First generate some data which we will use to fit the model.

y = Table[i, {i, 0.3, 1, .01}]
x = F[y, a, b, c, d]

Now we can fit the model.

fittedModel = 
 NonlinearModelFit[Transpose[{x, y}], 
  a1 - a2* x1 + a3 *x1^2 - a4 x1^4 + a5/(x1 + 1/(a6 + x1)) - a7/(
   x1^4 + 1/(a8 + x1^4)) + a8/(
   x1^2 + 1/(a9* x1^2 + 1/(a10 + x1^4))), {a1, a2, a3, a4, a5, a6, a7,
    a8, a9, a10}, x1, MaxIterations -> 10000, Method -> "NMinimize"]
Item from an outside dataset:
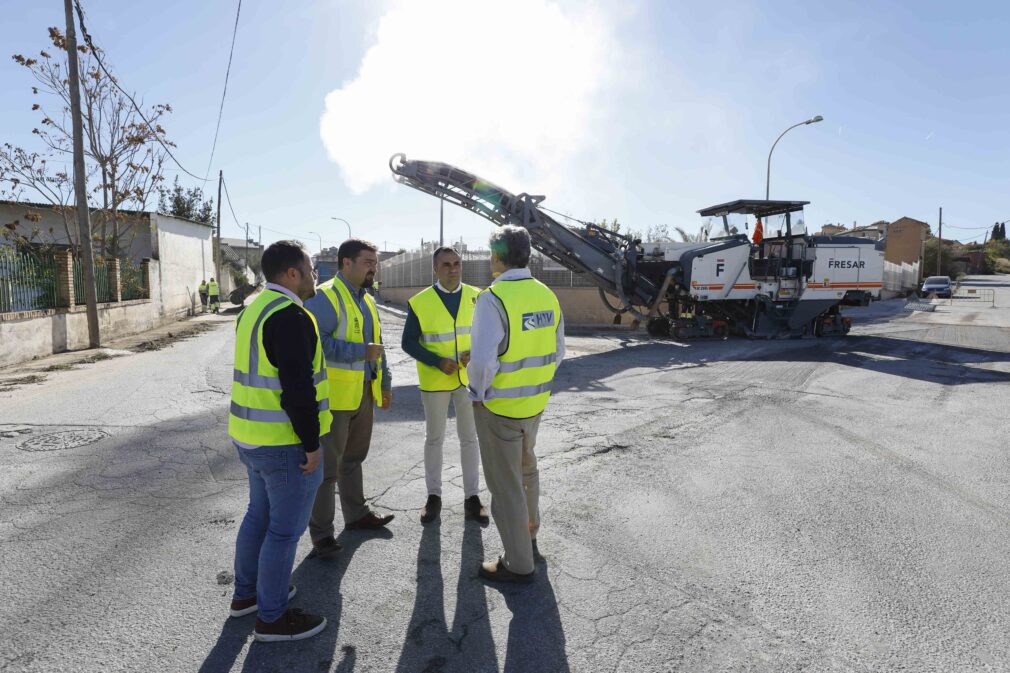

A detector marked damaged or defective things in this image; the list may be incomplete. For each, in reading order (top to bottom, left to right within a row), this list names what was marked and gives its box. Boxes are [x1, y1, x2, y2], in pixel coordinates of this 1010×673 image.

This results in the following model.

Normal[fittedModel]

$1.32564 - 0.697703 x1 + 0.164427 x1^2 - 0.00328264 x1^4 - 0.402326/( x1 + 1/(0.806882 + x1)) - 0.11395/( x1^4 + 1/(-0.173279 + x1^4)) - 0.173279/( x1^2 + 1/(2.01633 x1^2 + 1/(8.78212 + x1^4)))$

Plotting the original data vs the fitted model we see

Show[Plot[fittedModel[x1], {x1, 0, 3}, PlotStyle -> Red], 
 ListPlot[Transpose[{x, y}], PlotStyle -> {PointSize[0.012]}], 
 Frame -> True, FrameLabel -> {"X", "Y"}]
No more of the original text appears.